__Task statement__. Restating the records exactly is the whole task.

__Excerpted records__.
☆ ☆ ☆ ☆ ☆ ☆ ☆
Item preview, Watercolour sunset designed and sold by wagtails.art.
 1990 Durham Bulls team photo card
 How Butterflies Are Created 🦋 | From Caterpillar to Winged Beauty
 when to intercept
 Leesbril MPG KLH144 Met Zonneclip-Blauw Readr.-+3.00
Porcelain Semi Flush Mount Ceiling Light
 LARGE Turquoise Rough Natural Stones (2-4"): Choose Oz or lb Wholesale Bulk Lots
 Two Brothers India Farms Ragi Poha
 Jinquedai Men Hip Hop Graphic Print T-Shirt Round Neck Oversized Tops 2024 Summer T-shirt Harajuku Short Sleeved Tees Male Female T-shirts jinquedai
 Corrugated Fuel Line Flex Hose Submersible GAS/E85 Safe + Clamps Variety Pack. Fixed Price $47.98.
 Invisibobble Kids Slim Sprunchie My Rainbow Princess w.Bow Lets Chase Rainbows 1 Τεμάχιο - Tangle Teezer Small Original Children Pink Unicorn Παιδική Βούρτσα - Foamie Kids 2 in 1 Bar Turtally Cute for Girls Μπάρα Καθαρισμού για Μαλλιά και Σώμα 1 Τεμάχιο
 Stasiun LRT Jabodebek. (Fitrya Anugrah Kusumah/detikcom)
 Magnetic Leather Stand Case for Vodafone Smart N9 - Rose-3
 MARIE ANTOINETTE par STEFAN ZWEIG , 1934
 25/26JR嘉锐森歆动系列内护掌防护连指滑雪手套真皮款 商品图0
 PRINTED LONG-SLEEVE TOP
☆ ☆ ☆ ☆ ☆ ☆ ☆
__Solution__.
Item preview, Watercolour sunset designed and sold by wagtails.art.
 1990 Durham Bulls team photo card
 How Butterflies Are Created 🦋 | From Caterpillar to Winged Beauty
 when to intercept
 Leesbril MPG KLH144 Met Zonneclip-Blauw Readr.-+3.00
Porcelain Semi Flush Mount Ceiling Light
 LARGE Turquoise Rough Natural Stones (2-4"): Choose Oz or lb Wholesale Bulk Lots
 Two Brothers India Farms Ragi Poha
 Jinquedai Men Hip Hop Graphic Print T-Shirt Round Neck Oversized Tops 2024 Summer T-shirt Harajuku Short Sleeved Tees Male Female T-shirts jinquedai
 Corrugated Fuel Line Flex Hose Submersible GAS/E85 Safe + Clamps Variety Pack. Fixed Price $47.98.
 Invisibobble Kids Slim Sprunchie My Rainbow Princess w.Bow Lets Chase Rainbows 1 Τεμάχιο - Tangle Teezer Small Original Children Pink Unicorn Παιδική Βούρτσα - Foamie Kids 2 in 1 Bar Turtally Cute for Girls Μπάρα Καθαρισμού για Μαλλιά και Σώμα 1 Τεμάχιο
 Stasiun LRT Jabodebek. (Fitrya Anugrah Kusumah/detikcom)
 Magnetic Leather Stand Case for Vodafone Smart N9 - Rose-3
 MARIE ANTOINETTE par STEFAN ZWEIG , 1934
 25/26JR嘉锐森歆动系列内护掌防护连指滑雪手套真皮款 商品图0
 PRINTED LONG-SLEEVE TOP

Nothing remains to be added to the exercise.